Thanks for the info...

We live in an area that can get snow and temps in the 20's is not unusual and can reach 110 in summer. With 6" walls I would have thought it would have better temp control, but we feel the drafts and the floor and floor area is really cold. We moved from a house in the general area, with 4 in walls on a slab. It controlled temps much better. What do you suggest?


Thanks for help,
BR


----------



## titanoman (Nov 27, 2011)

BIG1RED9 said:


> Thanks for the info...
> 
> We live in an area that can get snow and temps in the 20's is not unusual and can reach 110 in summer. With 6" walls I would have thought it would have better temp control, but we feel the drafts and the floor and floor area is really cold. We moved from a house in the general area, with 4 in walls on a slab. It controlled temps much better. What do you suggest?
> 
> ...


Can't do a whole lot now. I wonder if the walls were sealed to the slab
and if there's housewrap installed.


----------



## BIG1RED9 (Dec 12, 2011)

titanoman said:


> Can't do a whole lot now. I wonder if the walls were sealed to the slab
> and if there's housewrap installed.


This place is about 10 years old and would guess it is wrapped. Most that I have seen built around here are. We are on a raised foundation / have a vented crawl space...no slab. Was comparing comfort level to our last place which was older on a slab.


----------



## titanoman (Nov 27, 2011)

BIG1RED9 said:


> This place is about 10 years old and would guess it is wrapped. Most that I have seen built around here are. We are on a raised foundation / have a vented crawl space...no slab. Was comparing comfort level to our last place which was older on a slab.


Attic insulated well? Insulate the floor.


----------



## BIG1RED9 (Dec 12, 2011)

Not sure what R value, but I think about 8 inches thick. need to check for areas that might have it moved or I suppose gaps.

I had thought about the floors... need to figure out the access. its tight.


----------



## Windows on Wash (Aug 30, 2011)

Pictures are great in this application so drag the digital camera down there with you.


----------



## Gary in WA (Mar 11, 2009)

I'm confused by the answers. You are talking about an attic, correct?
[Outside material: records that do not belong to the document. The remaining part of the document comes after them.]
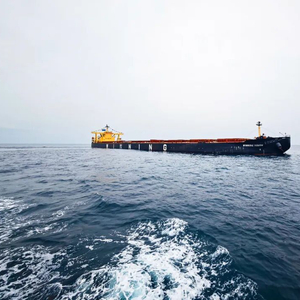 中铝集团投资的西芒杜项目首船铁矿石成功发运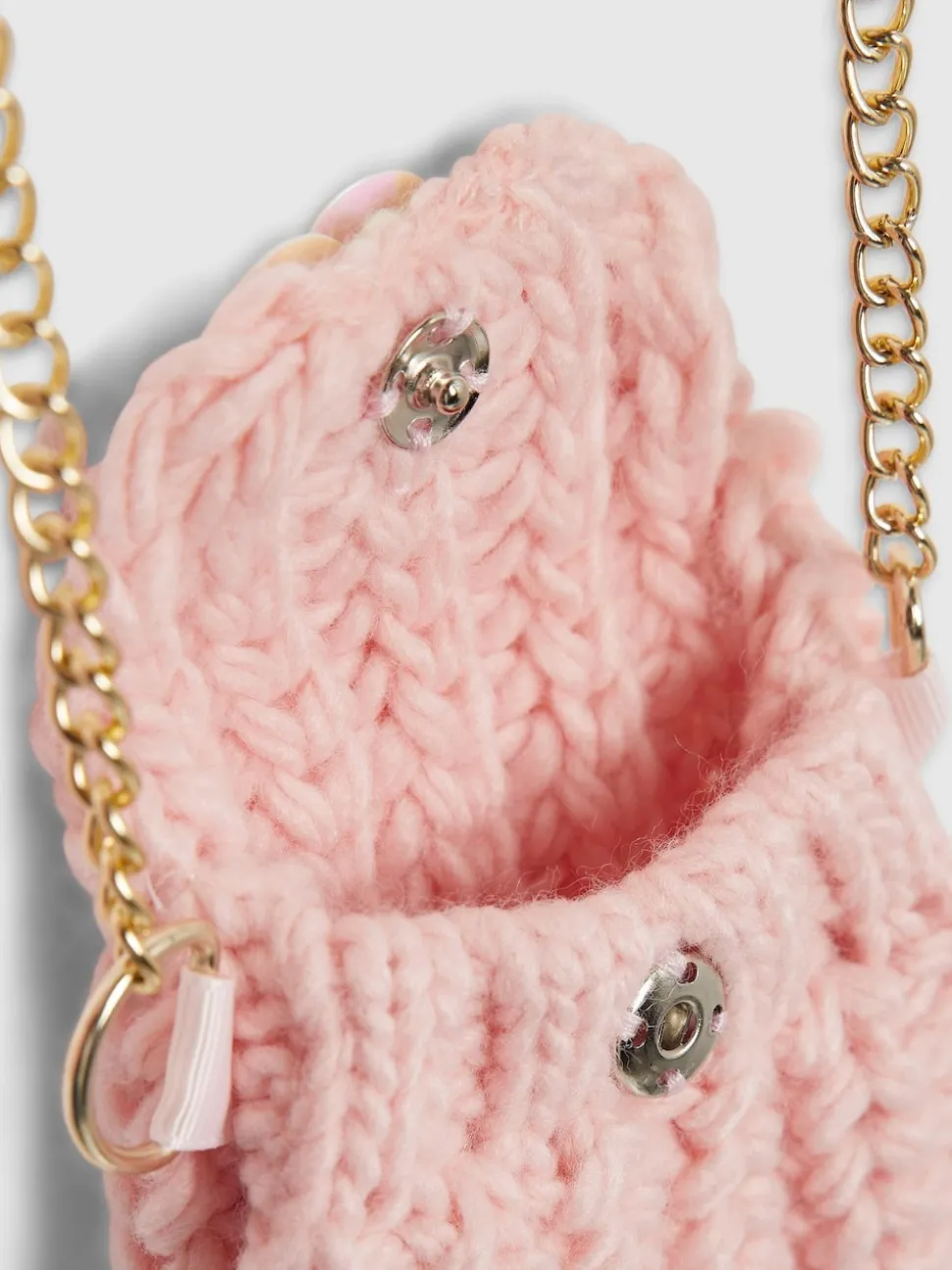 River Island Pink Flower Embroidered Cable Jumper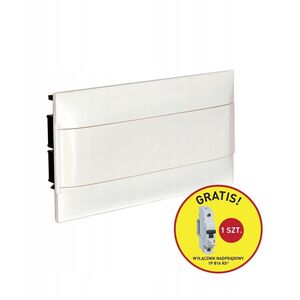 Rozdzielnica modułowa Legrand Practibox S 137366P podtynkowa 1x18 modułów IP40 drzwi białe do pełnych ścian + wyłącznik nadprądowy 1P B16 RX3 (1 szt.)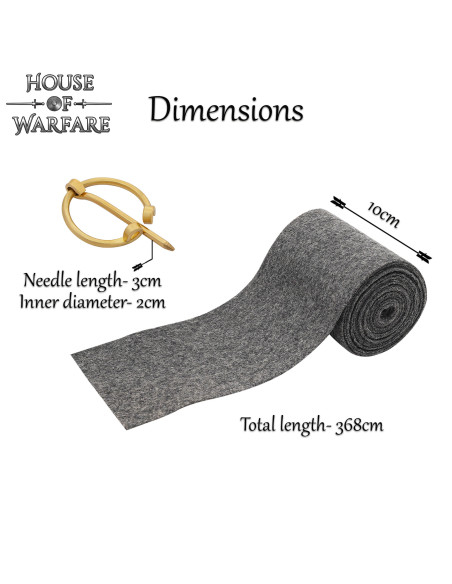 Winingas roscadas vichinghe in lana...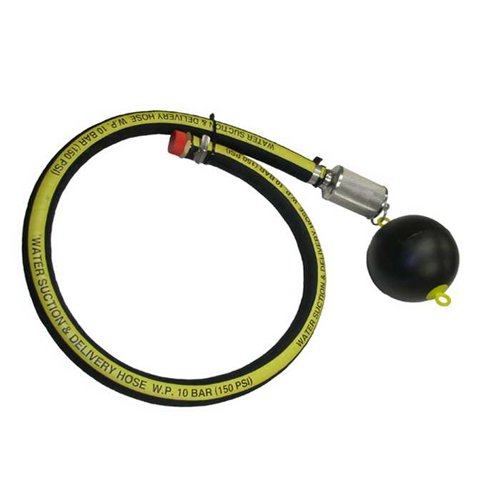 Kit d'aspiration avec clapet anti-retour, Aubia, 1", flexible de 2 m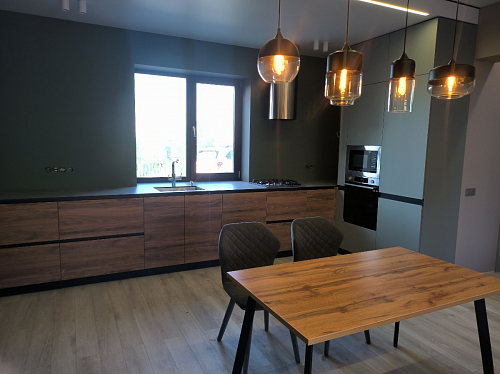 Стол Тринити Лофт 120 32 мм дуб галифакс табако / черный матовый фото покупателя 495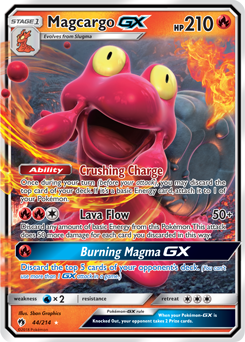 Magcargo 44/214 GX FUL ART FOIL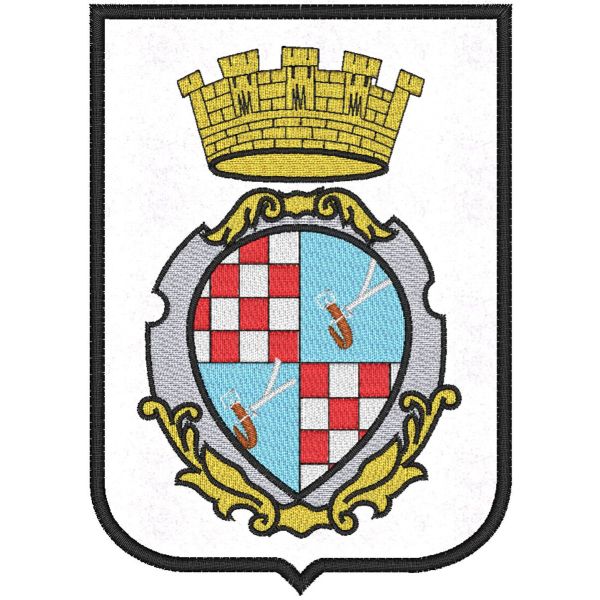 Patch  ricamato comune di parma a scudetto cm. 12 x 8,5 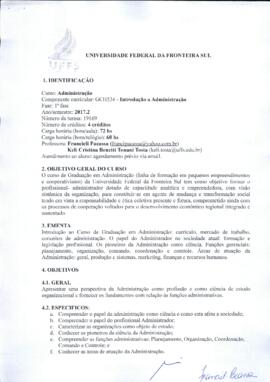 Introdução a Administração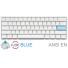 Teclado gamer ducky one 2 mini pure white blanco rgb cherry blue rgb double shot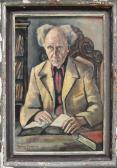 STROHBACH Magnus,Expressionistische Darstellung eines lesenden Man,1953,Reiner Dannenberg 2012-09-17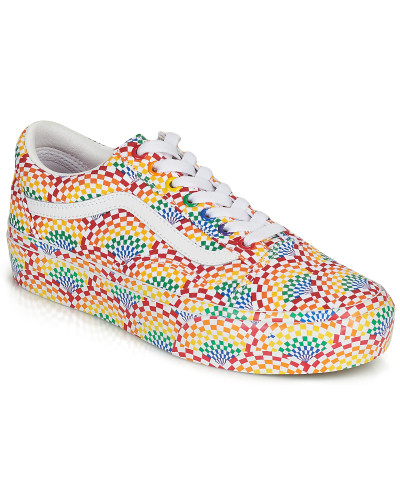 Baskets basses femmes Vans OLD SKOOL PLATFORM Multicolore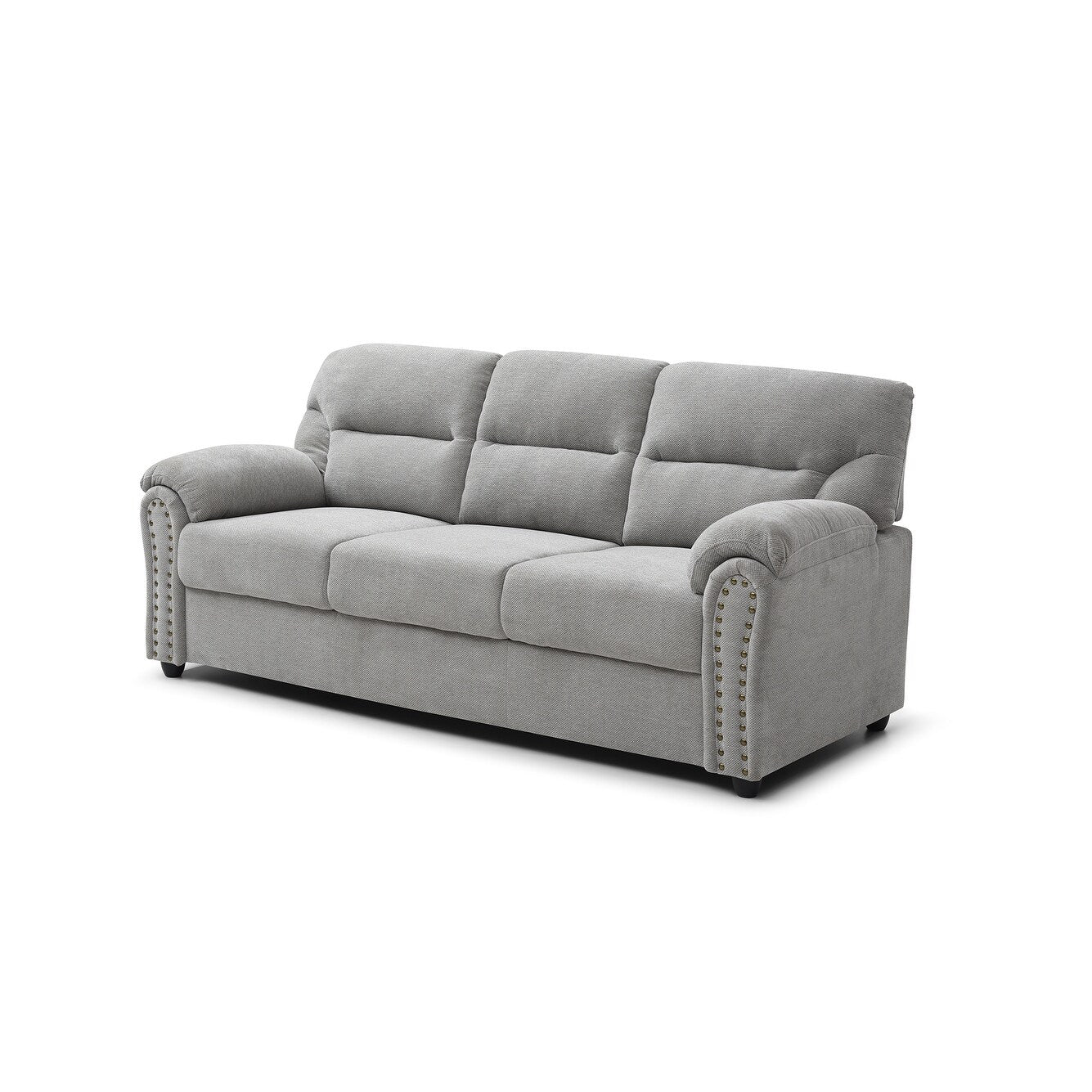 Canapé droit Hamilton en polyester avec accoudoirs coussinés de 82 po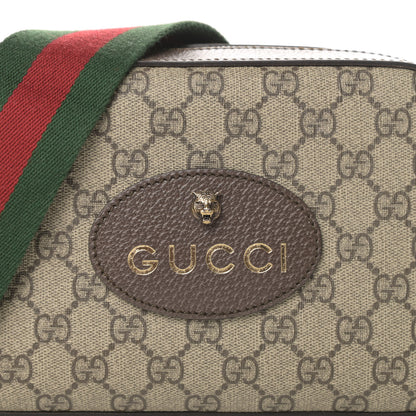 Gucci GG Supreme Monogram Web Neo Vintage Shoulder Bag Beige New Acero Crop 10 of 11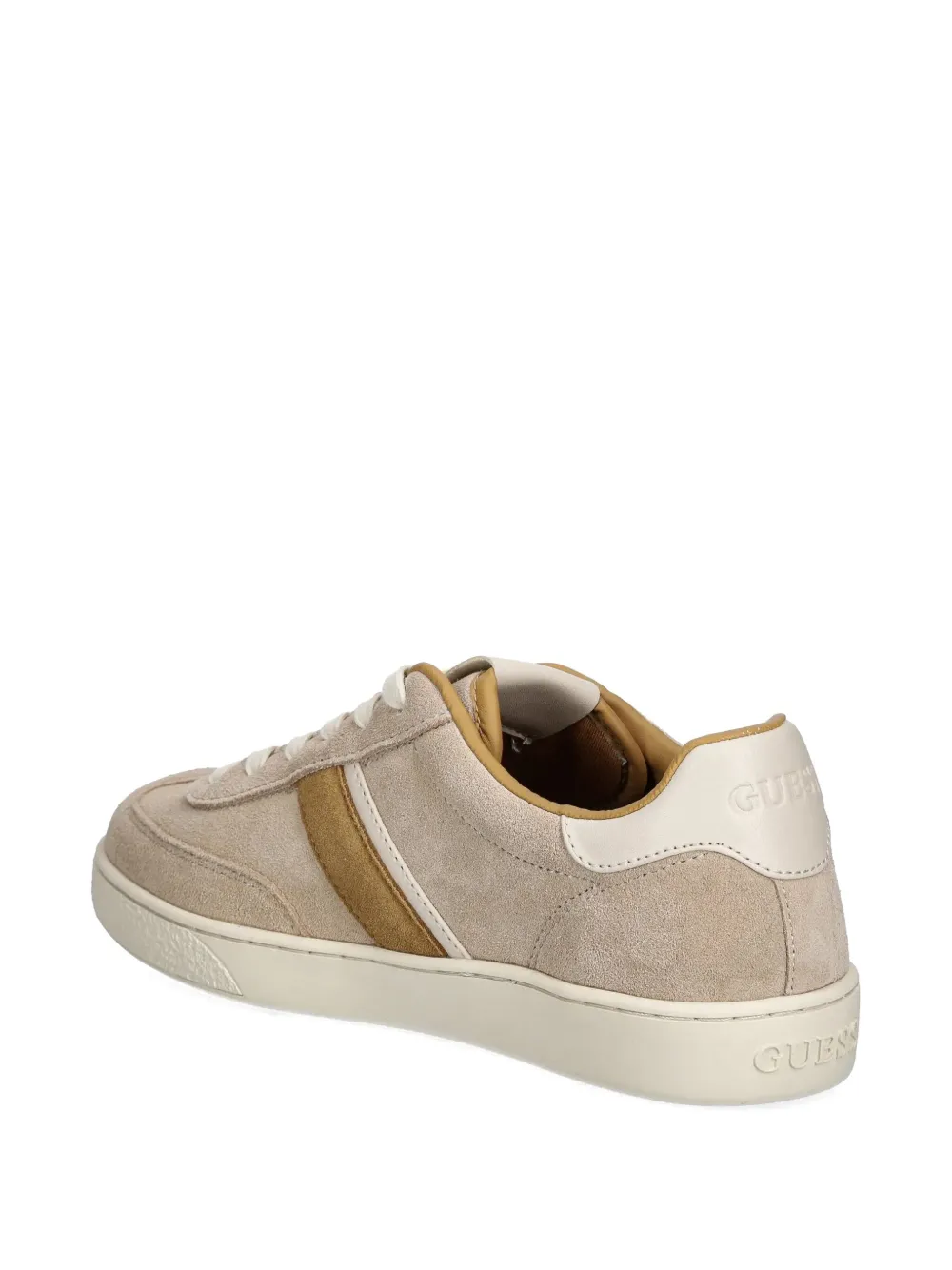 GUESS USA Sneakers met logoprint Beige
*If *the HVAC and ducting is located up there, then insulate the rafters; http://www.buildingscience.com/docu.../irc-faq-conditioned-attics?searchterm=attic+

If not, insulate the attic floor at least to code minimum. CA has it's own code- example, you may be in Zone 3, 4, 5, or 6; http://publicecodes.citation.com/icod/irc/2009/icod_irc_2009_11_sec001_par001.htm

Then compare the requirements for you walls, floor, and roof; http://publicecodes.citation.com/icod/irc/2009/icod_irc_2009_11_sec002.htm

Air seal the holes in the crawl space (under the house) to floor above (this should have been done 10 years ago- along with the insulation), then the attic holes to stop the stack effect; http://www.wag-aic.org/1999/WAG_99_baker.pdf

http://www.google.com/url?sa=t&source=web&cd=23&ved=0CCUQFjACOBQ&url=http%3A%2F%2Fapps1.eere.energy.gov%2Fbuildings%2Fpublications%2Fpdfs%2Fbuilding_america%2Fba_airsealing_report.pdf&rct=j&q=foam%20board%20in%20attic%20require%20thermal%20barrier%20with%20drywall%20already%20installed%20on%20other%20side%20of%20kneewall&ei=IvqWTveuIKW0sQK3zPzwBA&usg=AFQjCNHwd56o0AxLi8-V03E5cMUmwWATQw&cad=rja

Air seal the rim joists; http://www.buildingscience.com/documents/information-sheets/critical-seal-spray-foam-at-rim-joist/

Describe the house/attic……

Gary


----------



## BIG1RED9 (Dec 12, 2011)

Hi Gary,

The 10 year old home is single story with 6 inch walls a 6/12 roof pitch and is located in a 4b zone of Ca. We get into the 20's in winter and maybe some days of 100 to 105 in summer. It has a raised foundation.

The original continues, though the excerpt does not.